(Pictures with short captions)
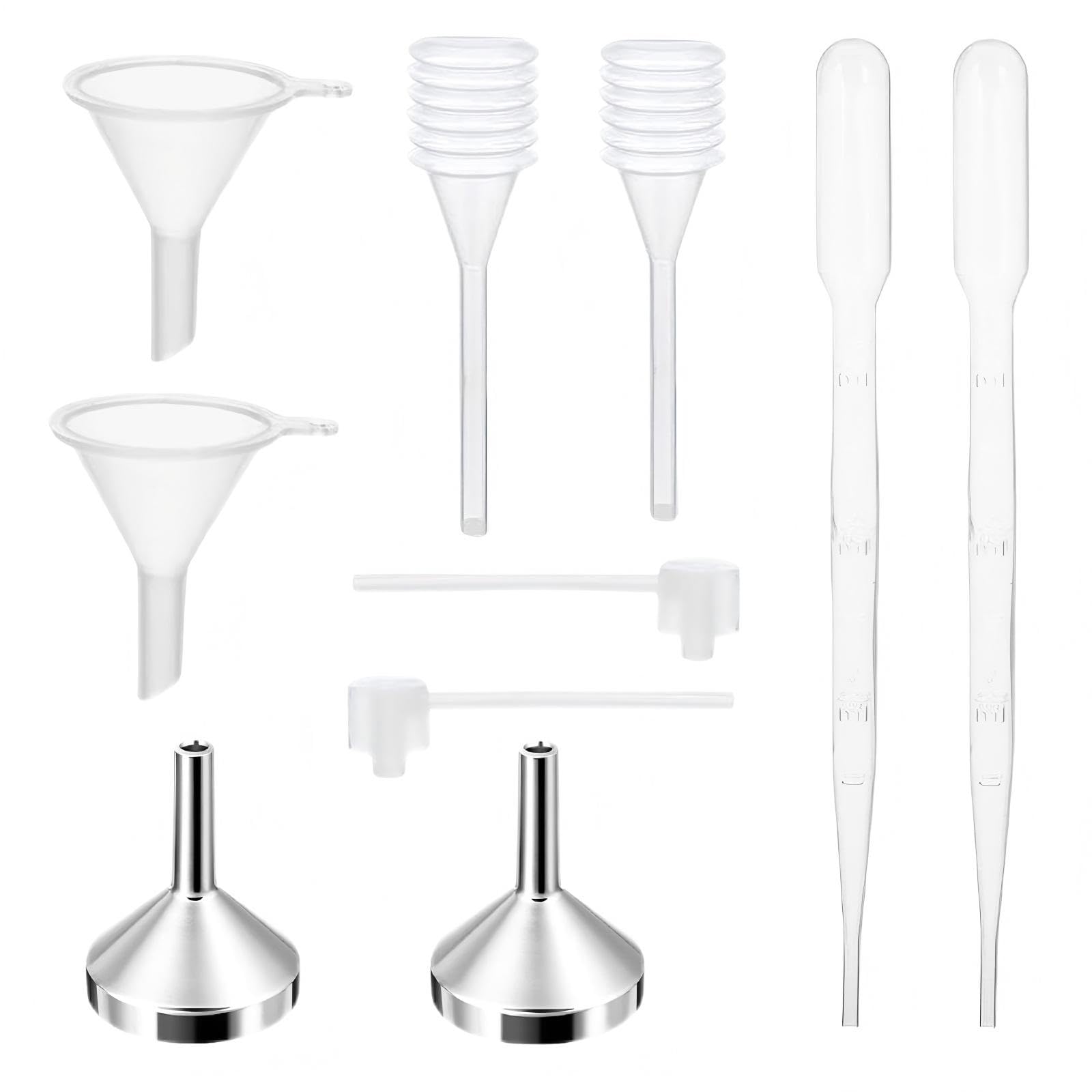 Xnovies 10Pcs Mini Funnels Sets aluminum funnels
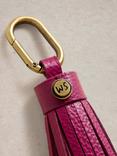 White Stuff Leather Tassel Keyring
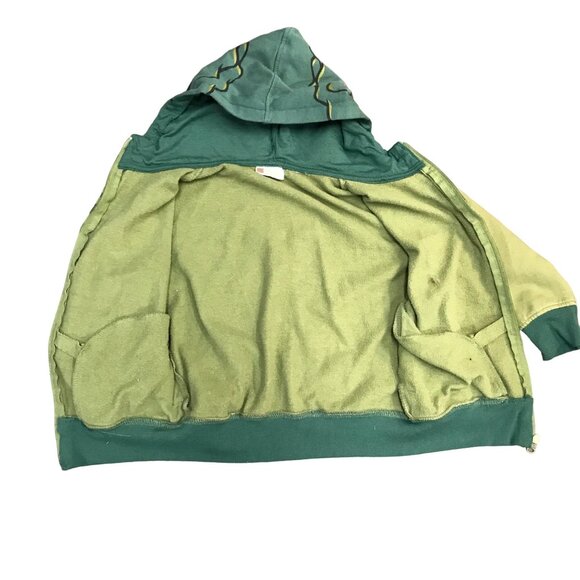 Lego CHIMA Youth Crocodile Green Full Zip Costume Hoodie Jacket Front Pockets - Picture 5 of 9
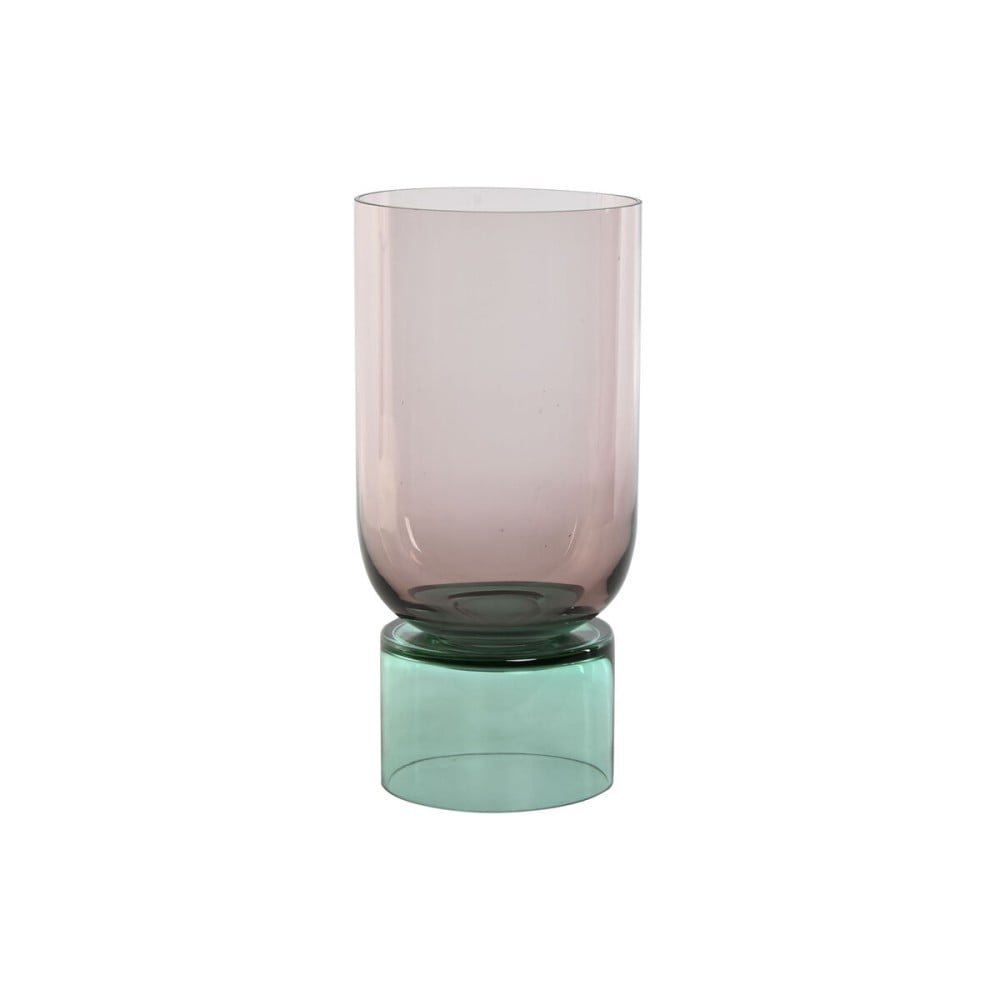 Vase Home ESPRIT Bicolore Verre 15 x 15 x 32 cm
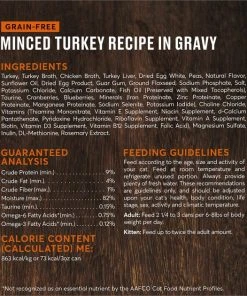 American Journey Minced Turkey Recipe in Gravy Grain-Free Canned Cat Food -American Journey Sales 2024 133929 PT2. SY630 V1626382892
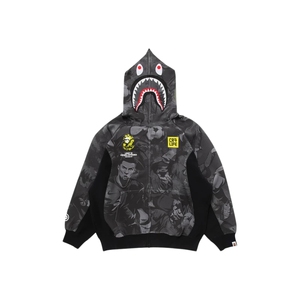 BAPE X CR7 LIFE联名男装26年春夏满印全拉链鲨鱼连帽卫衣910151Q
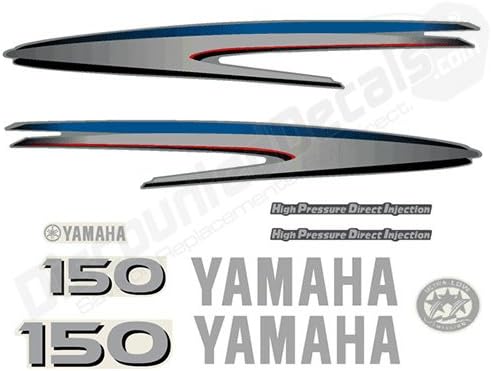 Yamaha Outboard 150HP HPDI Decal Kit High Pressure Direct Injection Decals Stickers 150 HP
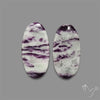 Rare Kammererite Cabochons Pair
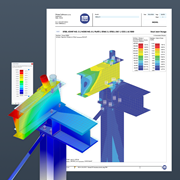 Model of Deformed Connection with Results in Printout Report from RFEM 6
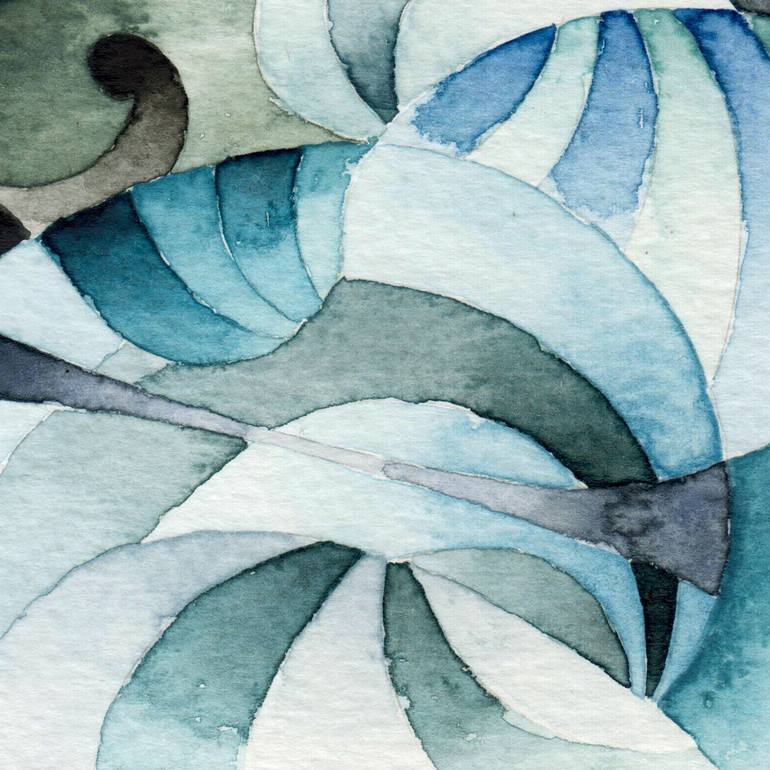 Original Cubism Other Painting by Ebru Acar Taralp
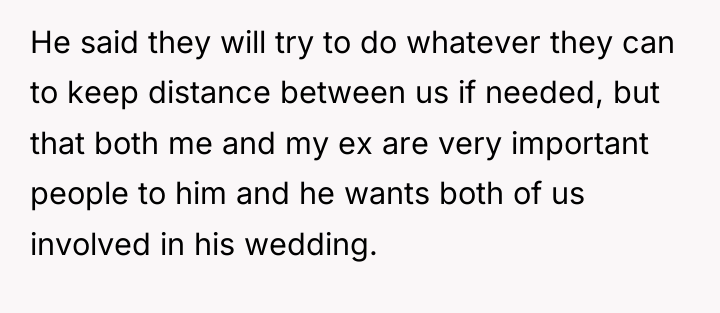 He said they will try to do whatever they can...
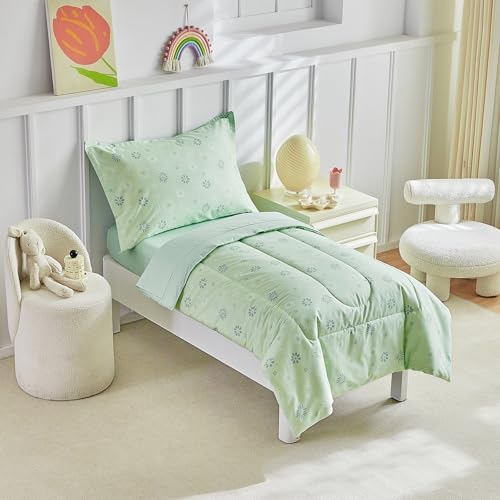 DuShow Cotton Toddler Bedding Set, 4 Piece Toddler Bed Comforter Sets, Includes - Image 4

_ACTIVITY_
Write the data above out exactly. Leave out any pictures.

_RESULT BELOW_
 Xnovies 10Pcs Mini Funnels Sets aluminum funnels
 White Stuff Leather Tassel Keyring
 Lego CHIMA Youth Crocodile Green Full Zip Costume Hoodie Jacket Front Pockets - Picture 5 of 9
 Vase Home ESPRIT Bicolore Verre 15 x 15 x 32 cm
 American Journey Minced Turkey Recipe in Gravy Grain-Free Canned Cat Food -American Journey Sales 2024 133929 PT2. SY630 V1626382892
 BAPE X CR7 LIFE联名男装26年春夏满印全拉链鲨鱼连帽卫衣910151Q
 Yamaha Outboard 150HP HPDI Decal Kit High Pressure Direct Injection Decals Stickers 150 HP
 Rare Kammererite Cabochons Pair
 Model of Deformed Connection with Results in Printout Report from RFEM 6
 Original Cubism Other Painting by Ebru Acar Taralp
 He said they will try to do whatever they can...
 DuShow Cotton Toddler Bedding Set, 4 Piece Toddler Bed Comforter Sets, Includes - Image 4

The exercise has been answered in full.